Set down each entry from the block beneath, exactly as written.

Given data:

---

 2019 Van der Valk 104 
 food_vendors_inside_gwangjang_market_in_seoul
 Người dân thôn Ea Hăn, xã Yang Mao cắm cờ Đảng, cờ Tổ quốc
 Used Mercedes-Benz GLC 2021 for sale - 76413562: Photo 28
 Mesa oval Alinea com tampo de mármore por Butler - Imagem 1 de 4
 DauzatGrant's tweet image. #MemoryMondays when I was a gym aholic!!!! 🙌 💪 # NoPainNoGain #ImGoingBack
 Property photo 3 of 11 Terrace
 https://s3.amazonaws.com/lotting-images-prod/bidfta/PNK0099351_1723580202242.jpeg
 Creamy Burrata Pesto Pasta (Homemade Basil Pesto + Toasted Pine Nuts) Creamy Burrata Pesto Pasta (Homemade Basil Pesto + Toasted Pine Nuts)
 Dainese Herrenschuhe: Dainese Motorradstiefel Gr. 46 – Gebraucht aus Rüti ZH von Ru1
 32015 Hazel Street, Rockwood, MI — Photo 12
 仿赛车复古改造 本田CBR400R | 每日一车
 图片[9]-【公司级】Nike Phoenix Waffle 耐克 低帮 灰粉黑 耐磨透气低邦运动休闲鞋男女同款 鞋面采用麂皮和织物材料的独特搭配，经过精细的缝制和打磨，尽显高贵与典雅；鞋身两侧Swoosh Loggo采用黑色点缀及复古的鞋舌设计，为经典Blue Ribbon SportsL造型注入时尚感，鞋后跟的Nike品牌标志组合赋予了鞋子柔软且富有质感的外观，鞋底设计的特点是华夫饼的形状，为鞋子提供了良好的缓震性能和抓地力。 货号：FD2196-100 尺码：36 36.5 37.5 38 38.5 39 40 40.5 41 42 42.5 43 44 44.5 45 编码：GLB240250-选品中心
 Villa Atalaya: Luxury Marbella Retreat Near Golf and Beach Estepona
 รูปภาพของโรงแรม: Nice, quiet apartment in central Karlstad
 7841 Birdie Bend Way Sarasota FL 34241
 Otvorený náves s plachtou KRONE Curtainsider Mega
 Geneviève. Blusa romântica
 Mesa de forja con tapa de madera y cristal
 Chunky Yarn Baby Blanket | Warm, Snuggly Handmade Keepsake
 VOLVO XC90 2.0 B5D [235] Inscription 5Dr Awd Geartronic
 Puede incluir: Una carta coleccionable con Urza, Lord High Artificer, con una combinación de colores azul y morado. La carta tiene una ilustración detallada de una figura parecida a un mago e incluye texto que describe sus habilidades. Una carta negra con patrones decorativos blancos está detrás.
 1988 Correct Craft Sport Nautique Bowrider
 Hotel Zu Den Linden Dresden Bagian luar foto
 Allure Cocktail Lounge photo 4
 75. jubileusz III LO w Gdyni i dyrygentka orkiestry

---

Exercise response:
 2019 Van der Valk 104 
 food_vendors_inside_gwangjang_market_in_seoul
 Người dân thôn Ea Hăn, xã Yang Mao cắm cờ Đảng, cờ Tổ quốc
 Used Mercedes-Benz GLC 2021 for sale - 76413562: Photo 28
 Mesa oval Alinea com tampo de mármore por Butler - Imagem 1 de 4
 DauzatGrant's tweet image. #MemoryMondays when I was a gym aholic!!!! 🙌 💪 # NoPainNoGain #ImGoingBack
 Property photo 3 of 11 Terrace
 https://s3.amazonaws.com/lotting-images-prod/bidfta/PNK0099351_1723580202242.jpeg
 Creamy Burrata Pesto Pasta (Homemade Basil Pesto + Toasted Pine Nuts) Creamy Burrata Pesto Pasta (Homemade Basil Pesto + Toasted Pine Nuts)
 Dainese Herrenschuhe: Dainese Motorradstiefel Gr. 46 – Gebraucht aus Rüti ZH von Ru1
 32015 Hazel Street, Rockwood, MI — Photo 12
 仿赛车复古改造 本田CBR400R | 每日一车
 图片[9]-【公司级】Nike Phoenix Waffle 耐克 低帮 灰粉黑 耐磨透气低邦运动休闲鞋男女同款 鞋面采用麂皮和织物材料的独特搭配，经过精细的缝制和打磨，尽显高贵与典雅；鞋身两侧Swoosh Loggo采用黑色点缀及复古的鞋舌设计，为经典Blue Ribbon SportsL造型注入时尚感，鞋后跟的Nike品牌标志组合赋予了鞋子柔软且富有质感的外观，鞋底设计的特点是华夫饼的形状，为鞋子提供了良好的缓震性能和抓地力。 货号：FD2196-100 尺码：36 36.5 37.5 38 38.5 39 40 40.5 41 42 42.5 43 44 44.5 45 编码：GLB240250-选品中心
 Villa Atalaya: Luxury Marbella Retreat Near Golf and Beach Estepona
 รูปภาพของโรงแรม: Nice, quiet apartment in central Karlstad
 7841 Birdie Bend Way Sarasota FL 34241
 Otvorený náves s plachtou KRONE Curtainsider Mega
 Geneviève. Blusa romântica
 Mesa de forja con tapa de madera y cristal
 Chunky Yarn Baby Blanket | Warm, Snuggly Handmade Keepsake
 VOLVO XC90 2.0 B5D [235] Inscription 5Dr Awd Geartronic
 Puede incluir: Una carta coleccionable con Urza, Lord High Artificer, con una combinación de colores azul y morado. La carta tiene una ilustración detallada de una figura parecida a un mago e incluye texto que describe sus habilidades. Una carta negra con patrones decorativos blancos está detrás.
 1988 Correct Craft Sport Nautique Bowrider
 Hotel Zu Den Linden Dresden Bagian luar foto
 Allure Cocktail Lounge photo 4
 75. jubileusz III LO w Gdyni i dyrygentka orkiestry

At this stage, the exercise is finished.